In parallelogram ABCD, $AB \parallel CD$ and $AD \parallel BC$. Since E lies on AD produced and F lies on CD, $AE \parallel BC$ and $AB \parallel CF$. Hence $\angle ABE=\angle CFB$ and $\angle AEB=\angle CBF$. Therefore $\triangle ABE \sim \triangle CFB$ by AA similarity.

$\angle ABC=\angle AMP=90^\circ$, and $\angle BAC=\angle MAP$ is common. Hence $\triangle ABC \sim \triangle AMP$ by AA similarity. Corresponding sides of similar triangles are proportional, so $\dfrac{CA}{PA}=\dfrac{BC}{MP}$.

Since $\triangle ABC \sim \triangle FEG$, corresponding angles are equal: $\angle ACB=\angle EGF$, $\angle ABC=\angle FEG$, and $\angle BAC=\angle EFG$. Their bisectors give equal half-angles, so $\angle DCB=\angle HGE$ and $\angle DCA=\angle HGF$. Thus $\triangle DCB \sim \triangle HGE$ and $\triangle DCA \sim \triangle HGF$ by AA. From these similarities, corresponding sides are proportional, giving $\dfrac{CD}{GH}=\dfrac{AC}{FG}$.

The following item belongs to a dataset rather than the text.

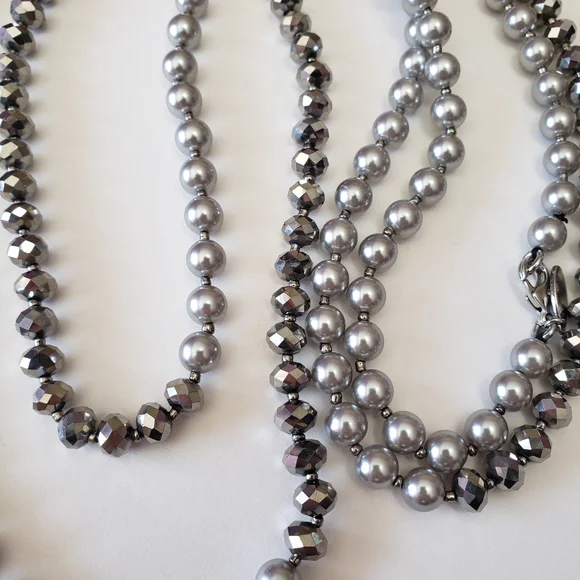 Ann Taylor Silver Tone Faux Pearl And Silver Tone Beaded Necklace - Picture 11 of 13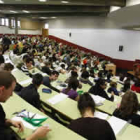 Alumnos examinándose en la Universidad de León en la Convocatoria de Junio.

Since $AD \perp BC$ and $EF \perp AC$, $\angle ADB=\angle EFC=90^\circ$. In isosceles $\triangle ABC$, $AB=AC$, so base angles are equal: $\angle ABC=\angle BCA$. Since E lies on CB produced and F lies on AC, $\angle ABD=\angle ECF$. Hence $\triangle ABD \sim \triangle ECF$ by AA similarity.

Given $\dfrac{AB}{PQ}=\dfrac{BC}{QR}=\dfrac{AD}{PM}$. Since AD and PM are medians, $BD=\dfrac{BC}{2}$ and $QM=\dfrac{QR}{2}$, so $\dfrac{BD}{QM}=\dfrac{BC}{QR}$. Thus in $\triangle ABD$ and $\triangle PQM$, $\dfrac{AB}{PQ}=\dfrac{BD}{QM}=\dfrac{AD}{PM}$, so $\triangle ABD \sim \triangle PQM$ by SSS. Hence $\angle ABD=\angle PQM$. Because D lies on BC and M lies on QR, $\angle ABC=\angle PQR$. With $\dfrac{AB}{PQ}=\dfrac{BC}{QR}$ and the included angle equal, $\triangle ABC \sim \triangle PQR$ by SAS.

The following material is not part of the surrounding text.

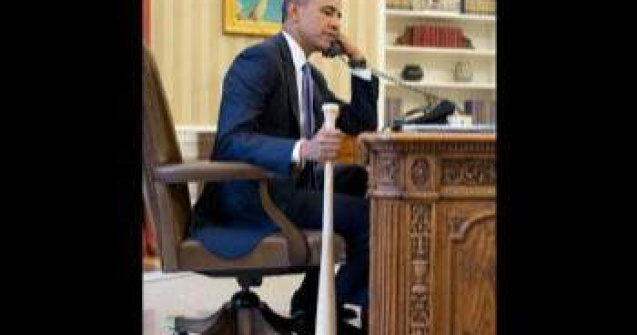 Obama dezbate la telefon problema Siriei cu... o bata in mana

Since D lies on BC, $\angle ACD=\angle BCA$. Also $\angle ADC=\angle BAC$ is given. Hence $\triangle ADC \sim \triangle BAC$ by AA similarity. Therefore $\dfrac{CD}{CA}=\dfrac{CA}{CB}$, so $CA^2=CB\cdot CD$.

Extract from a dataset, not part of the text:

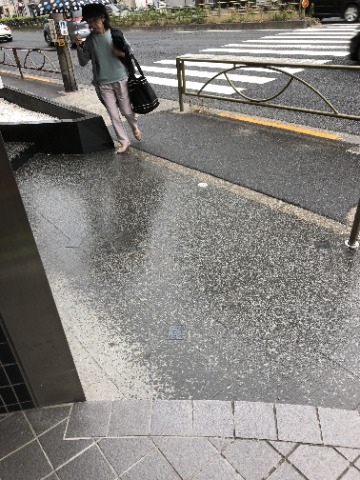 着替えて外出した瞬間雨が。。。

Given $\dfrac{AB}{PQ}=\dfrac{AC}{PR}=\dfrac{AD}{PM}$. Extend AD to E so that $AD=DE$, and extend PM to N so that $PM=MN$. Since AD and PM are medians, quadrilaterals ABEC and PQNR have diagonals bisecting each other, so they are parallelograms. Thus $BE=AC$ and $QN=PR$. Now $\dfrac{AB}{PQ}=\dfrac{BE}{QN}=\dfrac{AE}{PN}$, so $\triangle ABE \sim \triangle PQN$ by SSS. Hence $\angle ABE=\angle PQN$. Since $BE \parallel AC$ and $QN \parallel PR$, this gives $\angle BAC=\angle QPR$. With $\dfrac{AB}{PQ}=\dfrac{AC}{PR}$ and the included angle equal, $\triangle ABC \sim \triangle PQR$ by SAS.

At the same time, the sun's elevation is the same, so the pole-shadow and tower-shadow triangles are similar. Therefore $\dfrac{\text{height of tower}}{28}=\dfrac{6}{4}$. Hence height of tower $=28\times\dfrac{6}{4}=42$ m.

Since $\triangle ABC \sim \triangle PQR$, $\dfrac{AB}{PQ}=\dfrac{BC}{QR}$ and $\angle ABC=\angle PQR$. Because AD and PM are medians, $BD=\dfrac{BC}{2}$ and $QM=\dfrac{QR}{2}$, so $\dfrac{BD}{QM}=\dfrac{BC}{QR}=\dfrac{AB}{PQ}$. Thus $\triangle ABD \sim \triangle PQM$ by SAS similarity. Hence corresponding sides give $\dfrac{AB}{PQ}=\dfrac{AD}{PM}$.